### TASK INSTRUCTIONS
Each of the entries below should be written out exactly as it reads.

### DATA FOR PROCESSING
-=-=-
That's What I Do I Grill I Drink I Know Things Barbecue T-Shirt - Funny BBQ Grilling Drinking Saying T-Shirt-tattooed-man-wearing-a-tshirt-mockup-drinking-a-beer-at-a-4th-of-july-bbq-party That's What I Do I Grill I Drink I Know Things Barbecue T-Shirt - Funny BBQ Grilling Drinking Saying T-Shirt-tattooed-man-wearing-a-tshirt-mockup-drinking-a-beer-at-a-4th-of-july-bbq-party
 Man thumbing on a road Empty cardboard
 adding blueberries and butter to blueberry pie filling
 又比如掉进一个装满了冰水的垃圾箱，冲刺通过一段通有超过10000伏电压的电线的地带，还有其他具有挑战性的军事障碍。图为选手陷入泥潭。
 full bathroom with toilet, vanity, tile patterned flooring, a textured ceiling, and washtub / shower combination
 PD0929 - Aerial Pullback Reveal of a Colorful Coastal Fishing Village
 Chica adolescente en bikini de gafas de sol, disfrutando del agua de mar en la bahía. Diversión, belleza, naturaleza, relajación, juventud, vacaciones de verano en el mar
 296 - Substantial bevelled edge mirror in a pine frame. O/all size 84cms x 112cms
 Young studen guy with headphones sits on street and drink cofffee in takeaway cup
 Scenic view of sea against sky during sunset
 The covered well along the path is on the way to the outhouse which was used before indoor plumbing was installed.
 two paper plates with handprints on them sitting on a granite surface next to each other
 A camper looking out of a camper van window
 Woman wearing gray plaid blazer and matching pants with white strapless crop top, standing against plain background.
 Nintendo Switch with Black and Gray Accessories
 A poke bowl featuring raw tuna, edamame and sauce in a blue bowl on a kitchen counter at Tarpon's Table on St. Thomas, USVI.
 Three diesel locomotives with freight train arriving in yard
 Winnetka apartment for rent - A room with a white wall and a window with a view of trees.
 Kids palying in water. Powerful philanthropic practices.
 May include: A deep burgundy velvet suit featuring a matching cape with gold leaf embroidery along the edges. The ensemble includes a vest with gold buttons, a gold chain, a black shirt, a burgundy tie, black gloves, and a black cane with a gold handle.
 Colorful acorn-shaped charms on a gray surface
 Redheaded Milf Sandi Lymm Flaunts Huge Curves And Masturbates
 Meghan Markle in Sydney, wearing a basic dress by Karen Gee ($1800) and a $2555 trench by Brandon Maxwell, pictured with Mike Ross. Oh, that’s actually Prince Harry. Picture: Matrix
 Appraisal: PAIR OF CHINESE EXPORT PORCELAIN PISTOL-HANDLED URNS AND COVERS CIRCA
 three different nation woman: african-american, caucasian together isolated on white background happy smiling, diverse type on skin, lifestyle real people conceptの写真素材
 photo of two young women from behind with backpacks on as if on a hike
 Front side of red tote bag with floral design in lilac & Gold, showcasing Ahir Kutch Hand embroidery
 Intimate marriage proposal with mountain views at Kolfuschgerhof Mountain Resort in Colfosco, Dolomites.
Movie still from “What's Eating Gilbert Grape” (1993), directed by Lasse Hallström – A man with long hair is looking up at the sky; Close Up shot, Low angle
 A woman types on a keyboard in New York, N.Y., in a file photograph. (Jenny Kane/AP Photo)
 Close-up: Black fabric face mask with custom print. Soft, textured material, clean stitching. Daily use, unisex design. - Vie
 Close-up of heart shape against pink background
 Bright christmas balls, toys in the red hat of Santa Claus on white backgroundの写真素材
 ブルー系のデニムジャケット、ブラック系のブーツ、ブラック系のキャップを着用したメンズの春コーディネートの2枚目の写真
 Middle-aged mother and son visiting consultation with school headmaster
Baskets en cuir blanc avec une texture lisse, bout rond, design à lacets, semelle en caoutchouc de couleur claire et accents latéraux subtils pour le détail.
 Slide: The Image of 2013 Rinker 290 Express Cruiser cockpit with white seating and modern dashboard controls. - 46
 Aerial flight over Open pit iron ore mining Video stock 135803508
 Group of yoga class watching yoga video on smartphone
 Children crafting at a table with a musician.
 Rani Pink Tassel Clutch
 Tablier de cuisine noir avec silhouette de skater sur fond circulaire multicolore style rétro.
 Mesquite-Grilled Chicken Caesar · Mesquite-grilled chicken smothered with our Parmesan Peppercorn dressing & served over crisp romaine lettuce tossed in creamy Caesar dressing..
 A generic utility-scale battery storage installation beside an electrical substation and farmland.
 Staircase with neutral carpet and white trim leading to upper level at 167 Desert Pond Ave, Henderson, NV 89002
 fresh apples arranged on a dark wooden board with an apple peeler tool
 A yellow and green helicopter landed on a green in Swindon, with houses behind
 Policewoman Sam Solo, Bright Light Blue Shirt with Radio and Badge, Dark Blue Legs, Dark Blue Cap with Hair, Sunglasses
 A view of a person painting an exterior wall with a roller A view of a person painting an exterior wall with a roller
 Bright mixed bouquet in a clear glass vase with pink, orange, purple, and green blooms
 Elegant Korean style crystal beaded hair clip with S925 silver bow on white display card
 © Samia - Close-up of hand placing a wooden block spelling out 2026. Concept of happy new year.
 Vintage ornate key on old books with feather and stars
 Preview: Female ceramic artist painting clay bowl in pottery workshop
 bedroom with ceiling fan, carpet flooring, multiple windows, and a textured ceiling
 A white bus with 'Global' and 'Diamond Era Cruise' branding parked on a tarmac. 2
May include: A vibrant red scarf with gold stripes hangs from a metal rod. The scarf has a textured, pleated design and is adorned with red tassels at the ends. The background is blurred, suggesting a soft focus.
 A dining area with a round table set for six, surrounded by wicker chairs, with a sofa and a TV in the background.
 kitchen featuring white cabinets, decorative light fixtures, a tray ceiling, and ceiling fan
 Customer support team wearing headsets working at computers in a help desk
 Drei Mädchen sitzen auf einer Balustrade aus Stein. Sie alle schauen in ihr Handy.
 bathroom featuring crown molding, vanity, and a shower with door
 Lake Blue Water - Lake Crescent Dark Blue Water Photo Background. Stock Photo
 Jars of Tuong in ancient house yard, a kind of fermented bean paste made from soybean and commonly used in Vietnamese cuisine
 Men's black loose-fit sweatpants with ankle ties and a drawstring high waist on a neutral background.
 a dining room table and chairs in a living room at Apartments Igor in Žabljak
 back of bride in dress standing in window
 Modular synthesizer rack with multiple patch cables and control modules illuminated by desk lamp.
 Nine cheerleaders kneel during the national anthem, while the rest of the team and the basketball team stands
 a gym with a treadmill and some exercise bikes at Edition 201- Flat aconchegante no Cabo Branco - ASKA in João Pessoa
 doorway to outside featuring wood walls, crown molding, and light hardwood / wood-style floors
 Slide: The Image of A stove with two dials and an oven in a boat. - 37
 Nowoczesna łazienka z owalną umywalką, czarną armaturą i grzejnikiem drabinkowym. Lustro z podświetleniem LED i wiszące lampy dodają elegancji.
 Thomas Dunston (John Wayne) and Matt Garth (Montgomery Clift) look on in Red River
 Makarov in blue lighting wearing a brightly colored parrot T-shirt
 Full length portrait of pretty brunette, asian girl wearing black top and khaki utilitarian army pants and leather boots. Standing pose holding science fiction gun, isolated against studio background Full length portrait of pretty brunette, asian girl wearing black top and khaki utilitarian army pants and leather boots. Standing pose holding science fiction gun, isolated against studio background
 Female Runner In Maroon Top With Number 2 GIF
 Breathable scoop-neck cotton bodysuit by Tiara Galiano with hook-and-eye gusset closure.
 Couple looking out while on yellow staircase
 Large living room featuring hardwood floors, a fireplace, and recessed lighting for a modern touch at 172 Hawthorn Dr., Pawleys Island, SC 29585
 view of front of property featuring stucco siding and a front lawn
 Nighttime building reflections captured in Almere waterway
-=-=-
### RESULT OF THIS EXERCISE
That's What I Do I Grill I Drink I Know Things Barbecue T-Shirt - Funny BBQ Grilling Drinking Saying T-Shirt-tattooed-man-wearing-a-tshirt-mockup-drinking-a-beer-at-a-4th-of-july-bbq-party That's What I Do I Grill I Drink I Know Things Barbecue T-Shirt - Funny BBQ Grilling Drinking Saying T-Shirt-tattooed-man-wearing-a-tshirt-mockup-drinking-a-beer-at-a-4th-of-july-bbq-party
 Man thumbing on a road Empty cardboard
 adding blueberries and butter to blueberry pie filling
 又比如掉进一个装满了冰水的垃圾箱，冲刺通过一段通有超过10000伏电压的电线的地带，还有其他具有挑战性的军事障碍。图为选手陷入泥潭。
 full bathroom with toilet, vanity, tile patterned flooring, a textured ceiling, and washtub / shower combination
 PD0929 - Aerial Pullback Reveal of a Colorful Coastal Fishing Village
 Chica adolescente en bikini de gafas de sol, disfrutando del agua de mar en la bahía. Diversión, belleza, naturaleza, relajación, juventud, vacaciones de verano en el mar
 296 - Substantial bevelled edge mirror in a pine frame. O/all size 84cms x 112cms
 Young studen guy with headphones sits on street and drink cofffee in takeaway cup
 Scenic view of sea against sky during sunset
 The covered well along the path is on the way to the outhouse which was used before indoor plumbing was installed.
 two paper plates with handprints on them sitting on a granite surface next to each other
 A camper looking out of a camper van window
 Woman wearing gray plaid blazer and matching pants with white strapless crop top, standing against plain background.
 Nintendo Switch with Black and Gray Accessories
 A poke bowl featuring raw tuna, edamame and sauce in a blue bowl on a kitchen counter at Tarpon's Table on St. Thomas, USVI.
 Three diesel locomotives with freight train arriving in yard
 Winnetka apartment for rent - A room with a white wall and a window with a view of trees.
 Kids palying in water. Powerful philanthropic practices.
 May include: A deep burgundy velvet suit featuring a matching cape with gold leaf embroidery along the edges. The ensemble includes a vest with gold buttons, a gold chain, a black shirt, a burgundy tie, black gloves, and a black cane with a gold handle.
 Colorful acorn-shaped charms on a gray surface
 Redheaded Milf Sandi Lymm Flaunts Huge Curves And Masturbates
 Meghan Markle in Sydney, wearing a basic dress by Karen Gee ($1800) and a $2555 trench by Brandon Maxwell, pictured with Mike Ross. Oh, that’s actually Prince Harry. Picture: Matrix
 Appraisal: PAIR OF CHINESE EXPORT PORCELAIN PISTOL-HANDLED URNS AND COVERS CIRCA
 three different nation woman: african-american, caucasian together isolated on white background happy smiling, diverse type on skin, lifestyle real people conceptの写真素材
 photo of two young women from behind with backpacks on as if on a hike
 Front side of red tote bag with floral design in lilac & Gold, showcasing Ahir Kutch Hand embroidery
 Intimate marriage proposal with mountain views at Kolfuschgerhof Mountain Resort in Colfosco, Dolomites.
Movie still from “What's Eating Gilbert Grape” (1993), directed by Lasse Hallström – A man with long hair is looking up at the sky; Close Up shot, Low angle
 A woman types on a keyboard in New York, N.Y., in a file photograph. (Jenny Kane/AP Photo)
 Close-up: Black fabric face mask with custom print. Soft, textured material, clean stitching. Daily use, unisex design. - Vie
 Close-up of heart shape against pink background
 Bright christmas balls, toys in the red hat of Santa Claus on white backgroundの写真素材
 ブルー系のデニムジャケット、ブラック系のブーツ、ブラック系のキャップを着用したメンズの春コーディネートの2枚目の写真
 Middle-aged mother and son visiting consultation with school headmaster
Baskets en cuir blanc avec une texture lisse, bout rond, design à lacets, semelle en caoutchouc de couleur claire et accents latéraux subtils pour le détail.
 Slide: The Image of 2013 Rinker 290 Express Cruiser cockpit with white seating and modern dashboard controls. - 46
 Aerial flight over Open pit iron ore mining Video stock 135803508
 Group of yoga class watching yoga video on smartphone
 Children crafting at a table with a musician.
 Rani Pink Tassel Clutch
 Tablier de cuisine noir avec silhouette de skater sur fond circulaire multicolore style rétro.
 Mesquite-Grilled Chicken Caesar · Mesquite-grilled chicken smothered with our Parmesan Peppercorn dressing & served over crisp romaine lettuce tossed in creamy Caesar dressing..
 A generic utility-scale battery storage installation beside an electrical substation and farmland.
 Staircase with neutral carpet and white trim leading to upper level at 167 Desert Pond Ave, Henderson, NV 89002
 fresh apples arranged on a dark wooden board with an apple peeler tool
 A yellow and green helicopter landed on a green in Swindon, with houses behind
 Policewoman Sam Solo, Bright Light Blue Shirt with Radio and Badge, Dark Blue Legs, Dark Blue Cap with Hair, Sunglasses
 A view of a person painting an exterior wall with a roller A view of a person painting an exterior wall with a roller
 Bright mixed bouquet in a clear glass vase with pink, orange, purple, and green blooms
 Elegant Korean style crystal beaded hair clip with S925 silver bow on white display card
 © Samia - Close-up of hand placing a wooden block spelling out 2026. Concept of happy new year.
 Vintage ornate key on old books with feather and stars
 Preview: Female ceramic artist painting clay bowl in pottery workshop
 bedroom with ceiling fan, carpet flooring, multiple windows, and a textured ceiling
 A white bus with 'Global' and 'Diamond Era Cruise' branding parked on a tarmac. 2
May include: A vibrant red scarf with gold stripes hangs from a metal rod. The scarf has a textured, pleated design and is adorned with red tassels at the ends. The background is blurred, suggesting a soft focus.
 A dining area with a round table set for six, surrounded by wicker chairs, with a sofa and a TV in the background.
 kitchen featuring white cabinets, decorative light fixtures, a tray ceiling, and ceiling fan
 Customer support team wearing headsets working at computers in a help desk
 Drei Mädchen sitzen auf einer Balustrade aus Stein. Sie alle schauen in ihr Handy.
 bathroom featuring crown molding, vanity, and a shower with door
 Lake Blue Water - Lake Crescent Dark Blue Water Photo Background. Stock Photo
 Jars of Tuong in ancient house yard, a kind of fermented bean paste made from soybean and commonly used in Vietnamese cuisine
 Men's black loose-fit sweatpants with ankle ties and a drawstring high waist on a neutral background.
 a dining room table and chairs in a living room at Apartments Igor in Žabljak
 back of bride in dress standing in window
 Modular synthesizer rack with multiple patch cables and control modules illuminated by desk lamp.
 Nine cheerleaders kneel during the national anthem, while the rest of the team and the basketball team stands
 a gym with a treadmill and some exercise bikes at Edition 201- Flat aconchegante no Cabo Branco - ASKA in João Pessoa
 doorway to outside featuring wood walls, crown molding, and light hardwood / wood-style floors
 Slide: The Image of A stove with two dials and an oven in a boat. - 37
 Nowoczesna łazienka z owalną umywalką, czarną armaturą i grzejnikiem drabinkowym. Lustro z podświetleniem LED i wiszące lampy dodają elegancji.
 Thomas Dunston (John Wayne) and Matt Garth (Montgomery Clift) look on in Red River
 Makarov in blue lighting wearing a brightly colored parrot T-shirt
 Full length portrait of pretty brunette, asian girl wearing black top and khaki utilitarian army pants and leather boots. Standing pose holding science fiction gun, isolated against studio background Full length portrait of pretty brunette, asian girl wearing black top and khaki utilitarian army pants and leather boots. Standing pose holding science fiction gun, isolated against studio background
 Female Runner In Maroon Top With Number 2 GIF
 Breathable scoop-neck cotton bodysuit by Tiara Galiano with hook-and-eye gusset closure.
 Couple looking out while on yellow staircase
 Large living room featuring hardwood floors, a fireplace, and recessed lighting for a modern touch at 172 Hawthorn Dr., Pawleys Island, SC 29585
 view of front of property featuring stucco siding and a front lawn
 Nighttime building reflections captured in Almere waterway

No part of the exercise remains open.